“Next thing you know, you’re going to have your period.”
“Well, I was born a woman. So were most other women. But you had to choose to become one, and work at it.”
Not long ago, I would have debated that point. But I realized that while I was born with a female essence, mind and spirit, I had to make the choice to be a woman—or, more precisely, to live as one.
But it has also meant changes in my milieu. People who were part of my life before I embarked on this journey are no longer with me. They include a friend--who, at one time, was the closest I’d had—who has become bitter and resentful of just about everybody. She extended those feelings toward me because, she believed, I had no right to live as a woman because I never have, and never will, menstruate. (Should I say “never”?) She believed that I was living as a woman in order to take advantage of Affirmative Action and take a job that rightfully belongs to a “real” woman. Actually, she’s not that altruistic: She thinks I’m going to take a job from her. That, of course, is ludicrous because she and I have never applied for the same job—or the same anything else.

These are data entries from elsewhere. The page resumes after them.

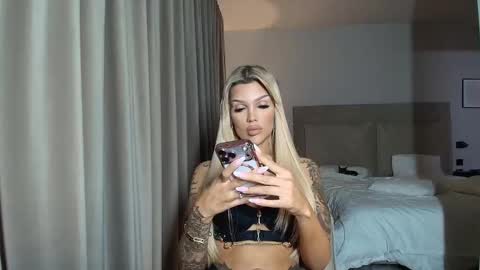 shayblonde online show from 25, 3, 2026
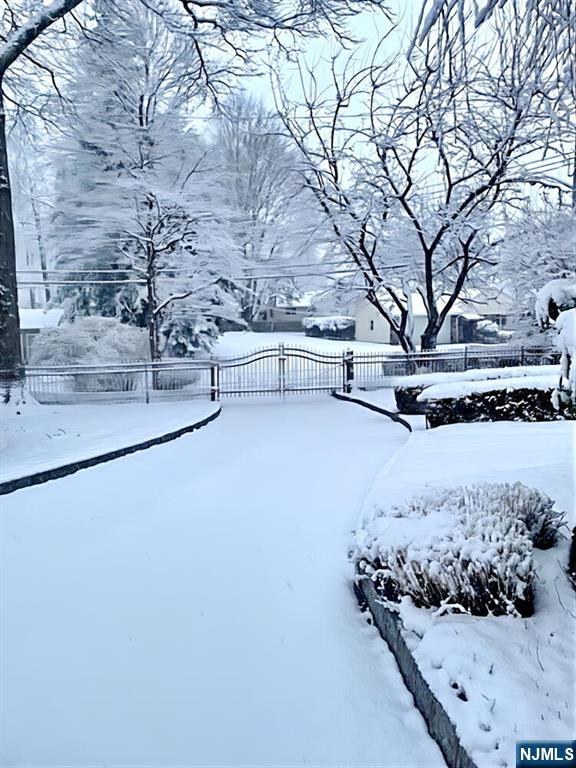 Homes for sale in Norwood, NJ | 323 Rivervale Ave, Norwood, NJ 07648 | MLS# 25038954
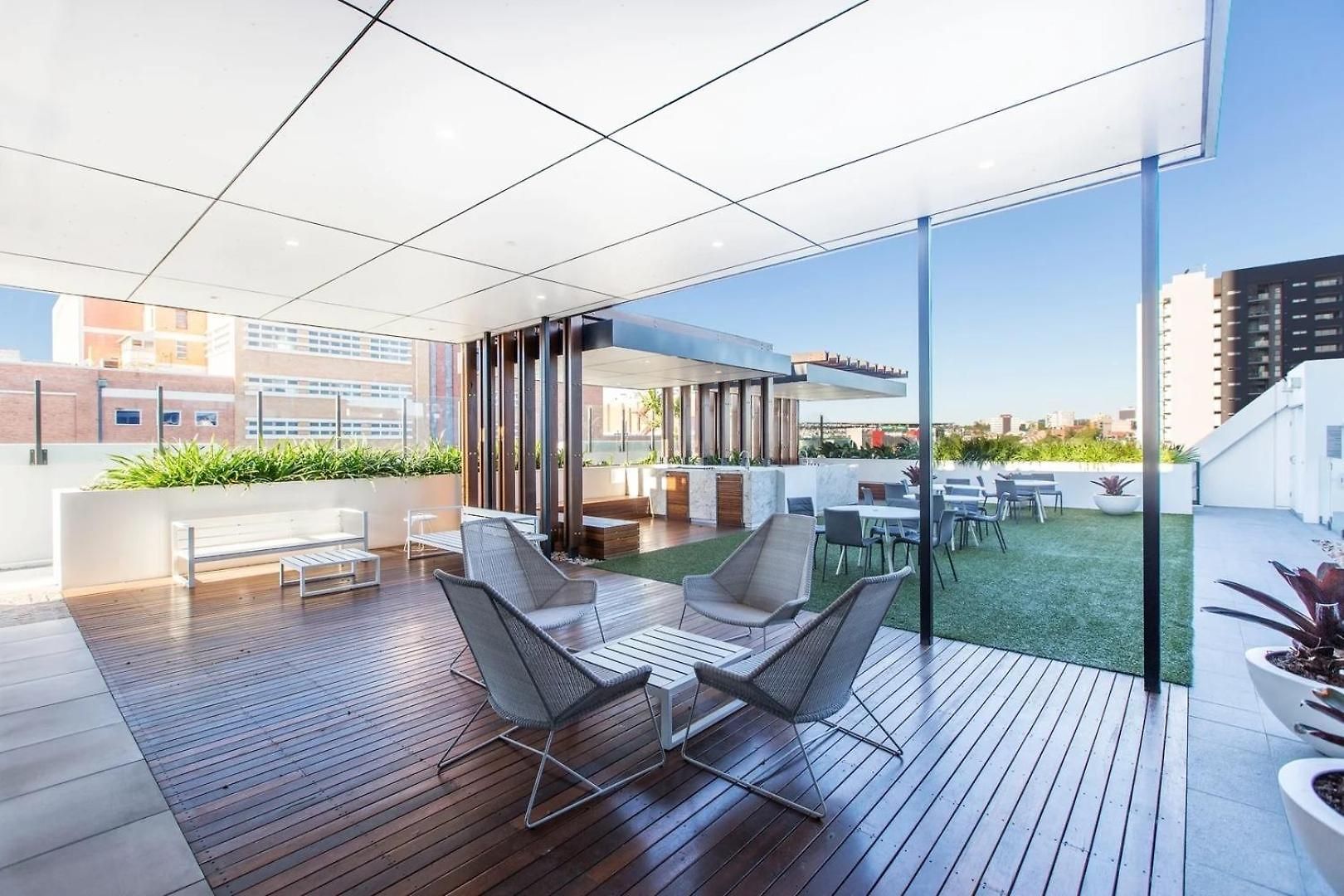 Apartment Spacious 3br Near Stadium W Views, Pool And Car Park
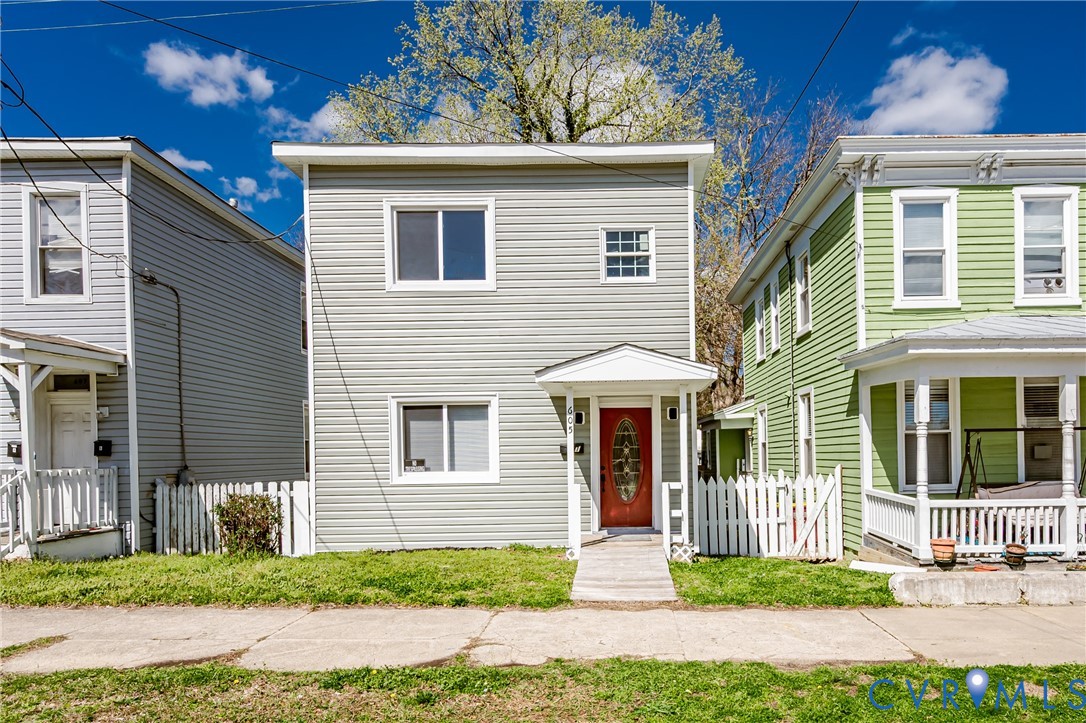605 West Washington Street Petersburg, VA 23803 - Photo 1 of 60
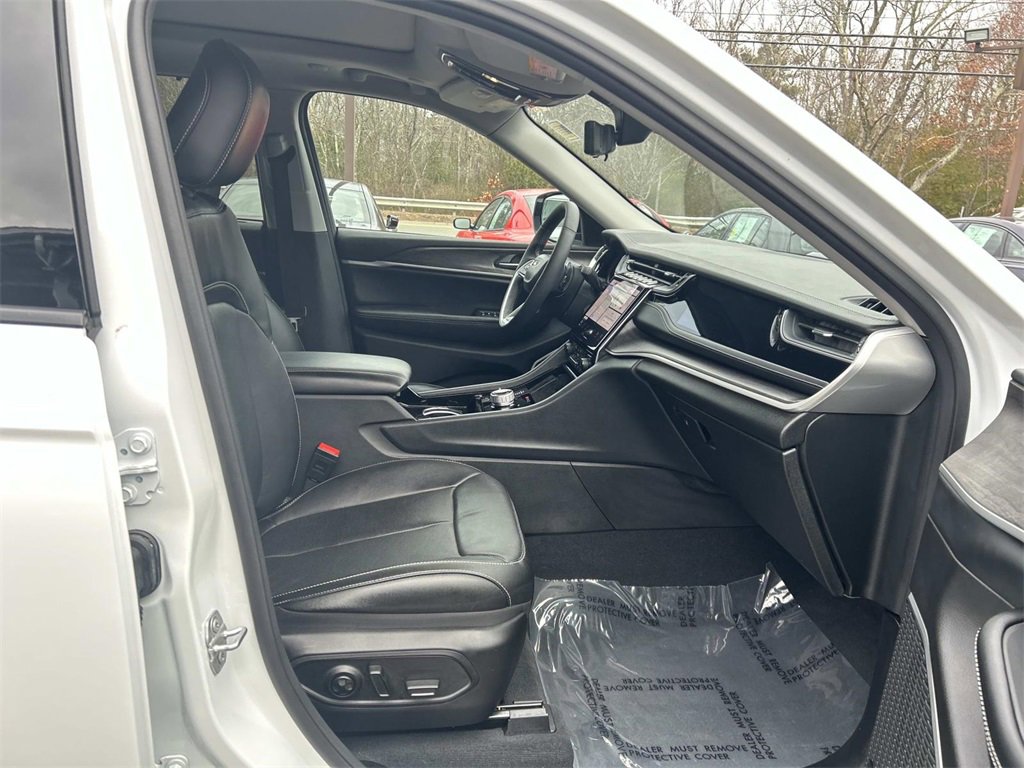 Used 2023 Jeep Grand Cherokee 4WD 4xe w/ Luxury Tech Group II image 18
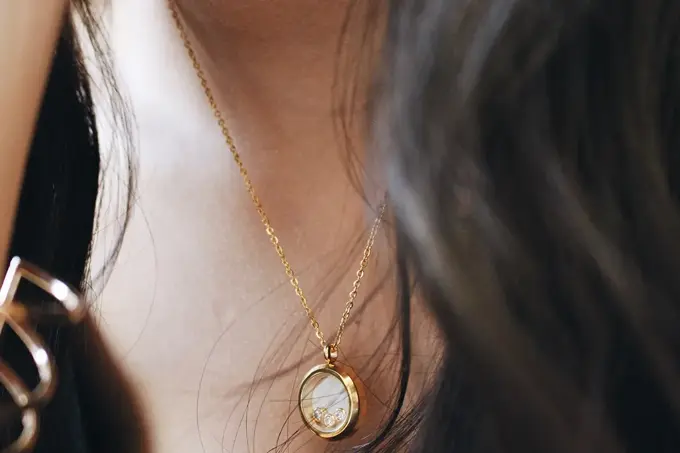 utsnitt av smykke på en dame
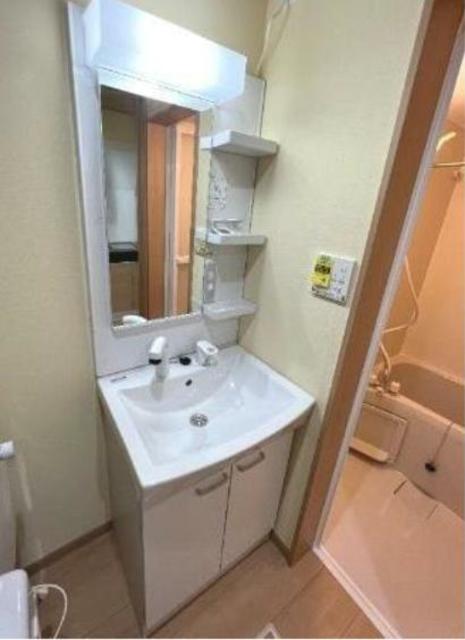 洗面設備　施工会社が同じ別物件の参考写真です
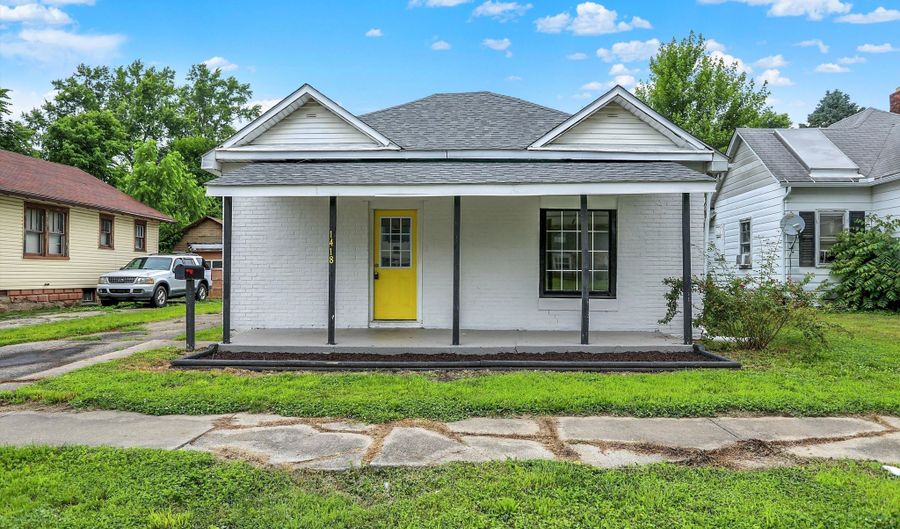 1418 W 5th St, Anderson, IN 46016 - 2 Beds, 1 Bath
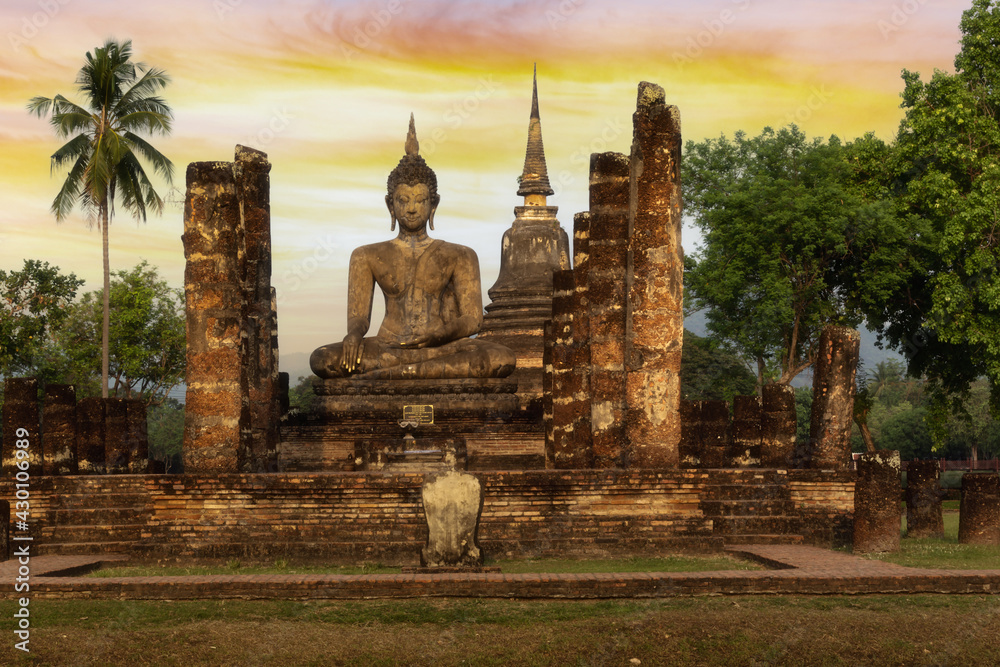 Fototapeta premium Wat Mahathat temple at Sukhothai historical park, the old town of Thailand in 800 years ago, Sukhothai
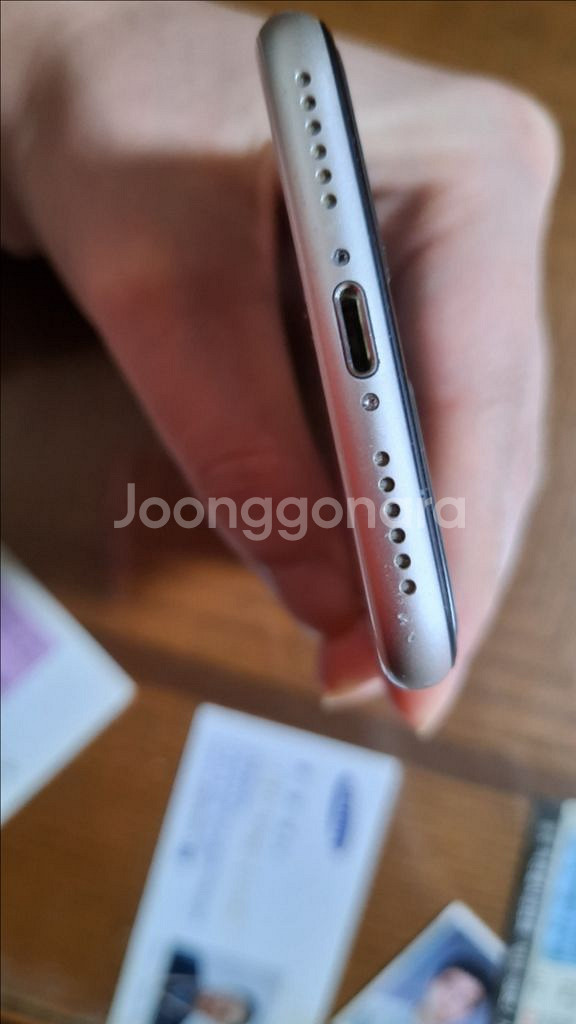 아이폰 SE3 128gb 90% 스타라이트 갤럭시 교환가느0--10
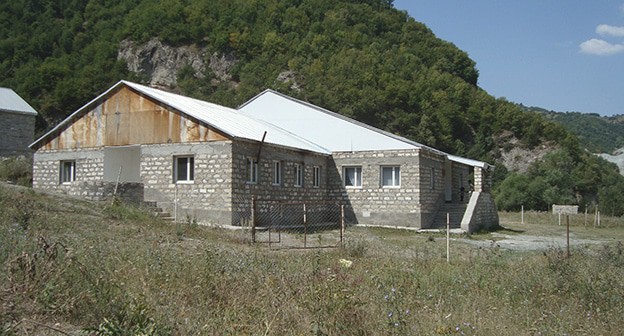 Школа в селе Кнарван в Нагорном Карабахе. Фото: Ліонкінг https://ru.wikipedia.org/ Школа в селе Кнарван в Нагорном Карабахе. Фото: Ліонкінг https://ru.wikipedia.org/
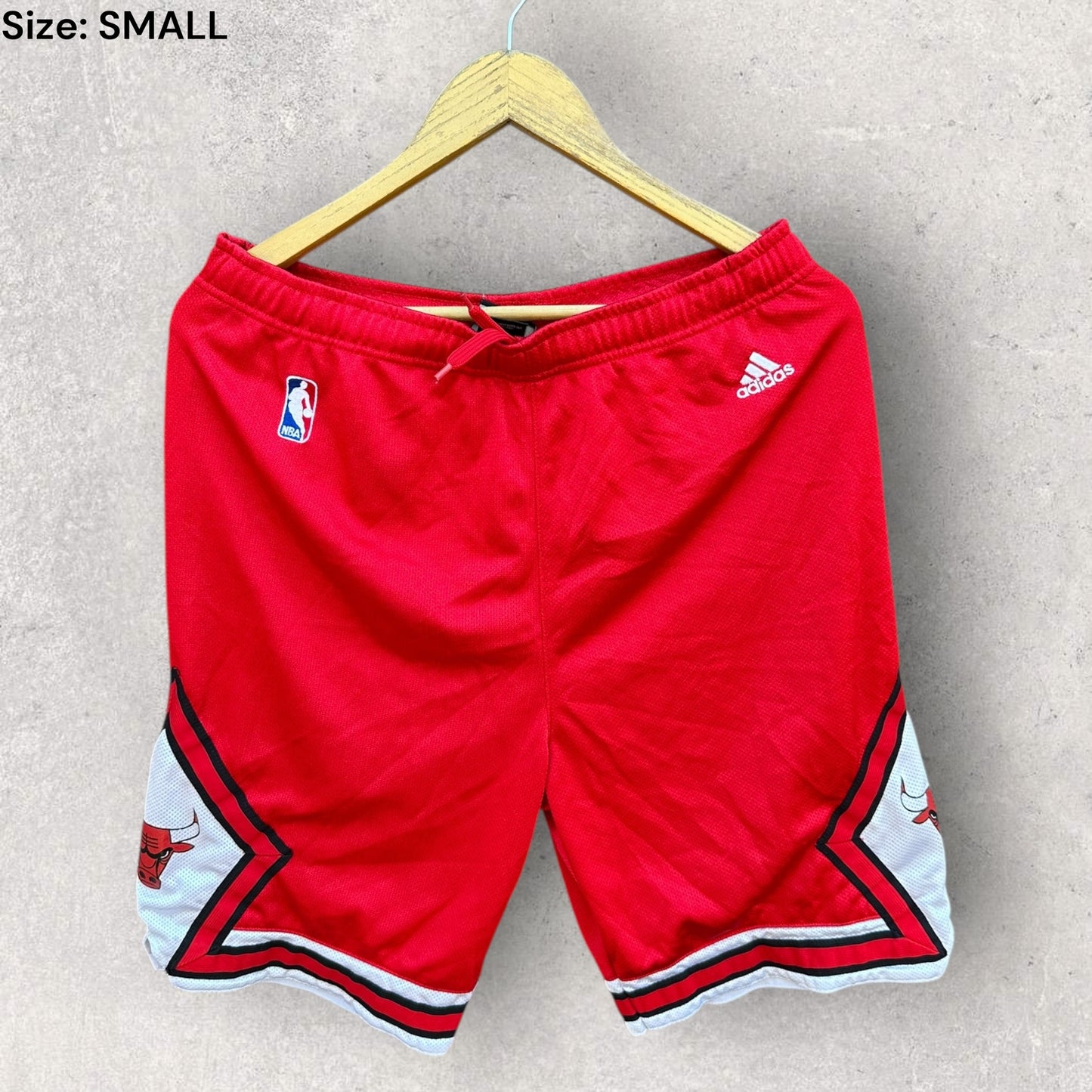 CHICAGO BULLS ADIDAS NBA RED TRAINING SHORTS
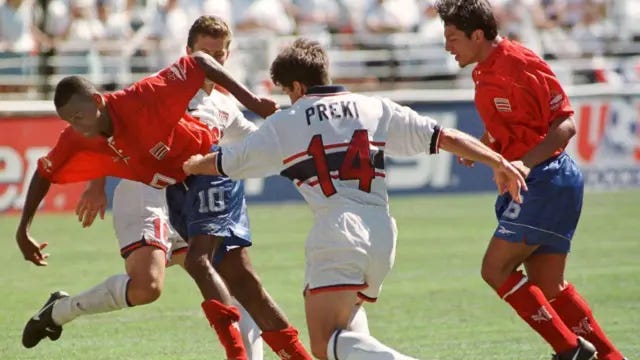 Radosavljević na utakmici protiv Kostarike, u kvalifikacijama za SP 1998. Radosavljević na utakmici protiv Kostarike, u kvalifikacijama za SP 1998.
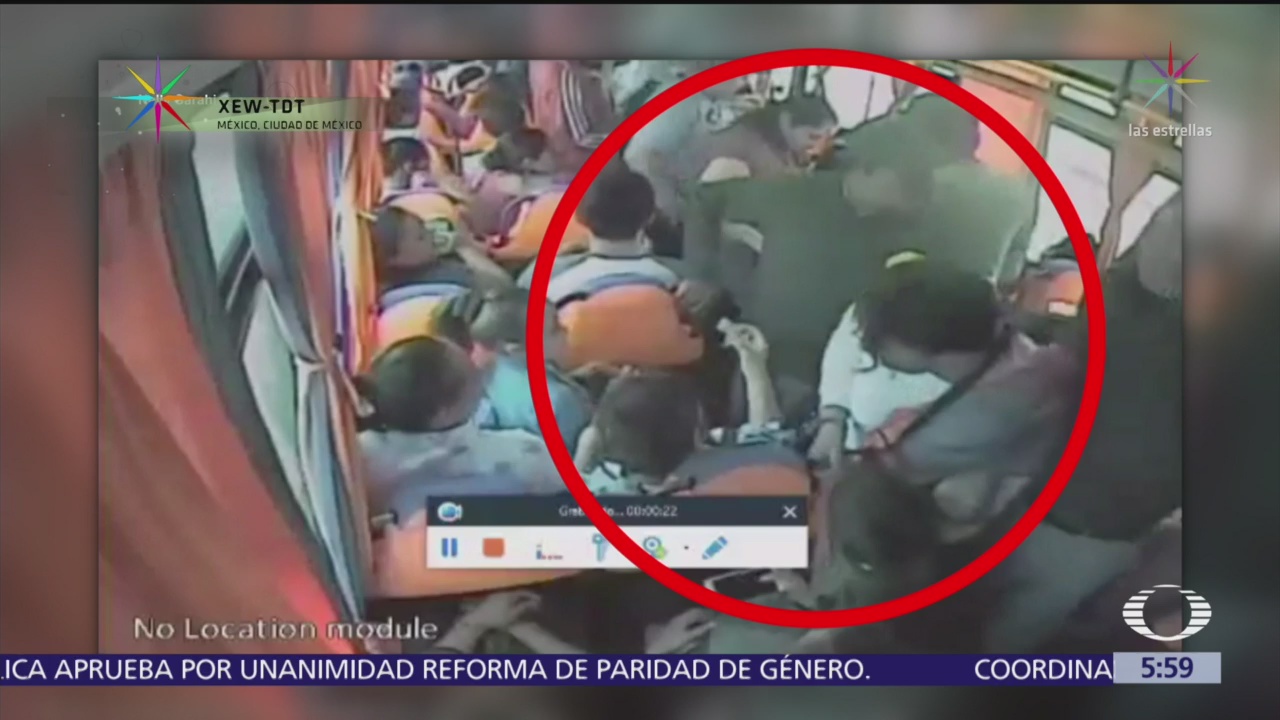 Roban con violencia a usuarios de transporte público en Tecamac, Edomex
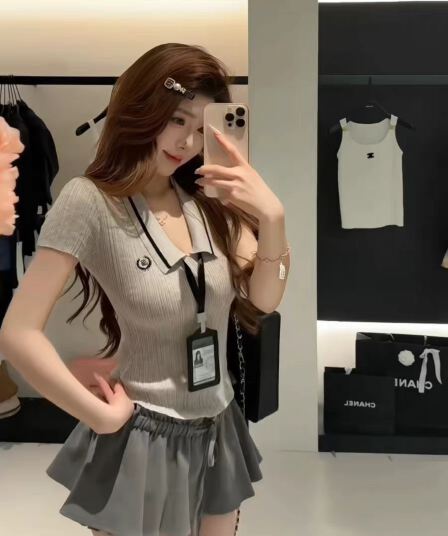 머리카락 작은 펜 fen 홈 여름 새로운 부유 한 가족 천 골드 익스트림 제인 바람 외국 가스 폴로 칼라 얇은 스타일 어깨 패드 니트 스웨터 경기 일 카드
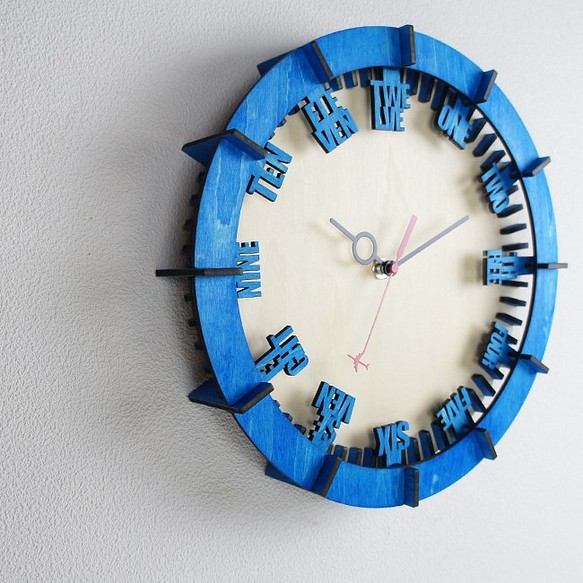 「モダン(英語）」木製掛け時計 　 1枚目の画像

But even if you have the capacity for becoming something, you have to become it. That includes becoming a woman or a man. The vast majority of people who are cisgendered have a head start in becoming the women or men they envision themselves to be. Those of us who are transgendered or intersexed may have to “work at it,” as my gynecologist says. Or, perhaps, we simply have a longer—and sometimes more serpentine or circuitous—road.